Friday 2nd November, 2007

Jesus said, The hired hand is not the shepherd who owns the sheep. So when he sees the wolf coming, he abandons the sheep and runs away. Then the wolf attacks the flock and scatters it. The man runs away because he is a hired hand and cares nothing for the sheep (John 10:12-13, NIV).

I fully understand that God is in charge. I understand that the sheep belong to Him. Jesus bought and paid for them in full on the cross. He redeemed them. He is the Master-Owner of the sheep. And when we ask Him to be our Savior and Master, He makes us into shepherd-stewards, responsible for caring for His sheep.

But I believe there is an ownership problem in our Sunday School work. Or should I say, "lack of ownership?" There are many who assume someone else will do the work.
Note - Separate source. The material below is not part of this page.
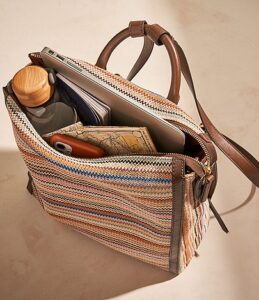 کیف ادرای زنانه NB560 - داخل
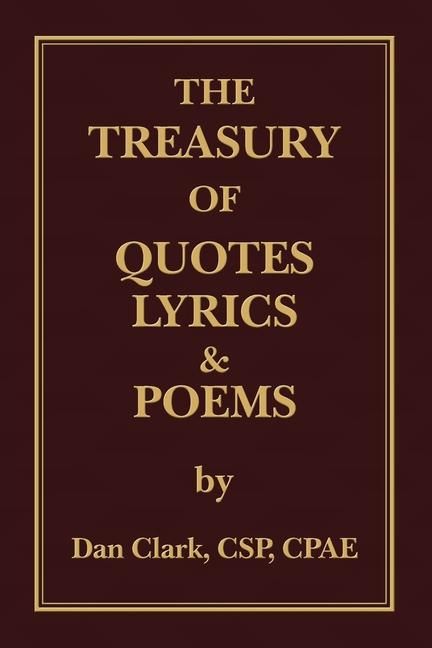 Produktbild: The Treasury of 'Clarkisms, ' Quotes, Lyrics & Poems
They assume someone else will care for the sheep. They "don't have time." They "don't know how." It's not "their job." And all the while Satan is attacking and scattering the flock.
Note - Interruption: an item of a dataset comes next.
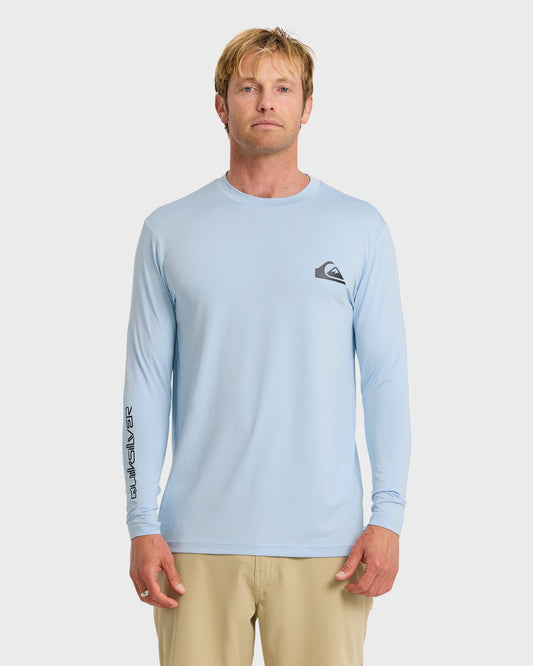 Everyday Long Sleeve Surf Tee - Skyway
Wait a minute! To whom did Jesus give His Great Commission? He gave it to His disciples, to the Church. Well, who are we? Are we His disciples? Are we His Church? The task does not only belong to pastors, staff, deacons, and teachers. We are all His hands and feet in this world. He has called us all to care for the sheep, and not all of them are in the sheep pen (John 10:16). The world is a rough place for sheep who are alone, without a shepherd and more importantly without a Shepherd!

I believe part of the problem stems from the idea that it is everybody's job. When the job belongs to everybody, nobody does it. Assignments are necessary in order for the ministry to be accomplished. For instance, ministry and outreach contacts are best carried out through some kind of regular assignment process or organizational structure, such as care groups, etc. But far too few of our classes are organized. No one is taking charge. Someone has to make the assignment and hold the outreacher accountable to complete the contact.

On the other hand, it seems that we have an aversion to accountability. And yet without positive accountability, much less will be accomplished for God. I believe even Jesus recognized our need for this when he said in John, "Encourage one another." Those in 5K races as well as those in life and ministry perform better with encouragement. But since no one is in charge, encouragement is infrequently offered if at all.  How much less are we accomplishing for God because no one is cheering us on?

Why are we so afraid of assigning responsibility? Why are we so hesitant to volunteer? Are we lazy? This may be part of the answer, but it is not all.  Do some think they can do it better than anyone else? This may be true in the short term, but it is not even close in the long run.  Are we afraid to give up authority? Are we afraid busy people will tell us "no"?

In the meantime, we are crippling the Sunday School. People are not reached. Lives are not changed.  Leaders are not developed. The "few" get burned out. Ministry does not get done. How can we help our classes to make sure someone is in charge?  How can we do a better job of equipping the saints for works of service?  Let's charge the hill! Let's own the responsibility. Lets do care for the sheep! Be revolutionary!